That Government Is Best Which Is Not Captured by Special Interests

There are some good arguments in favor of localism as a guarantor of freedom. But, in my view, too many of my fellow freedom-lovers overstate the case.

I am among informed friends, so I assume we can hold the following truths to be self-evident.

First, more individual freedom—including economic freedom—would be optimal. This case is both philosophical and practical in that free people are systematically happy, healthy, and wealthy people.

Second, while freedom is ideal, it is not robust. That is, a number of forces conspire to limit the scale and scope of human freedom. Thomas Jefferson was onto something when he wrote that “the natural progress of things is for liberty to yield, & government to gain ground.”

Third, liberty often “yields” because special interests want it to. In other words, people stand to benefit by limiting the freedom of others. Producers, for example, gain by limiting customers’ freedom to shop at the competition or to pay competitive prices. And in many cases, special interests have successfully fought for their own government-granted privileges that limit the freedom of others.

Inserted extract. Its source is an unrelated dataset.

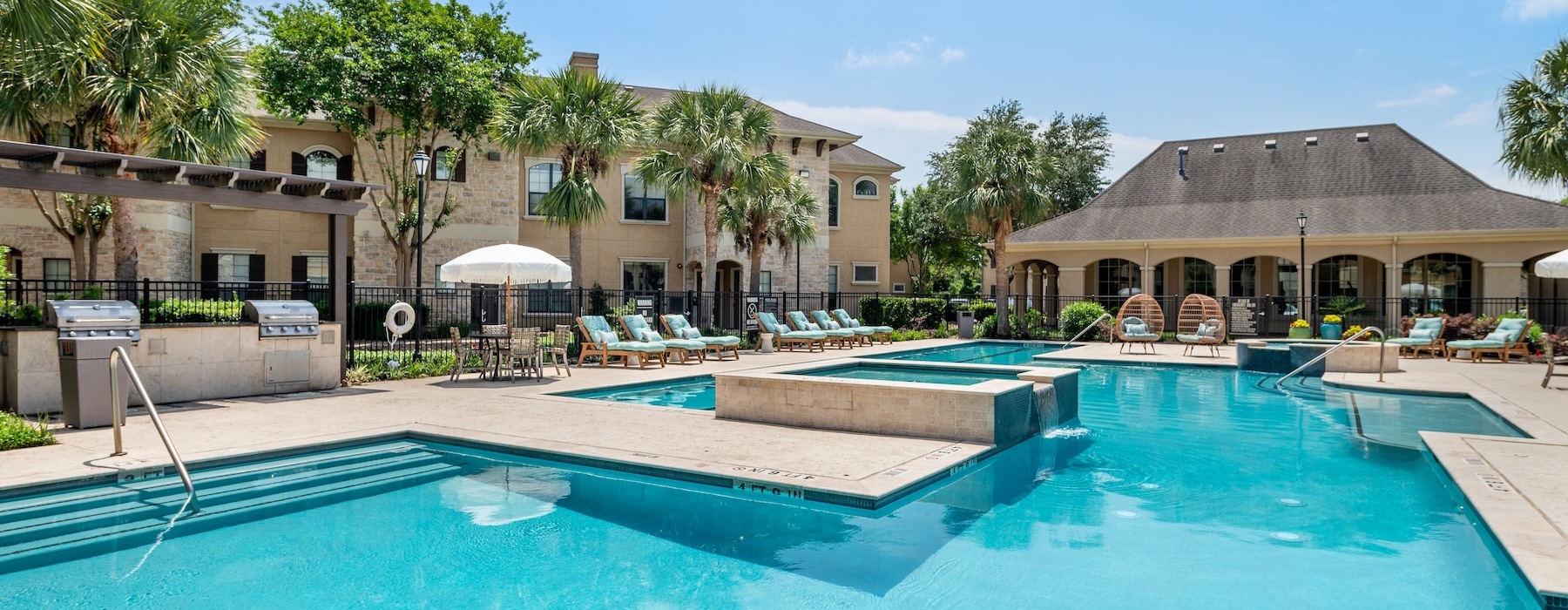 a pool with a building in the background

Fourth and finally, some cultural taboos (government isn’t supposed to pick winners and losers) and some institutional rules (the law protects persons and their property) can arrest this tendency. But the structure of some of these rules—such as the distribution of power between national and local authority—is hotly debated.

To speak in generalities, I think it is safe to say that those who accept my first three propositions tend to favor local power to national power. Whether it was the Democratic-Republicans in the early 19th century, the Democrats in the late 19th century, or the Republicans in the 20th century, the party that has generally favored limited government has also generally favored local government. To Thoreau’s famous dictum that “government is best which governs least,” many would add that “government is best which is closest to the people.”

There are some good arguments in favor of localism as a guarantor of freedom. But, in my view, too many of my fellow freedom-lovers overstate the case.

The Overstated Case for Localism 

Let me begin with the overstated case. It is often said that local government is more easily escaped than national government. If you don’t like the latest edict from your city council, you can pack up and move to another hamlet. And, indeed, while it may be easier to move to another state than to Canada, let’s not kid ourselves that it is easy. The costs of uprooting a family, selling and buying a new home, and—if necessary—finding a new job are enormous. No wonder the vast majority of us stay put, even if we live and work under governments that curtail our freedoms.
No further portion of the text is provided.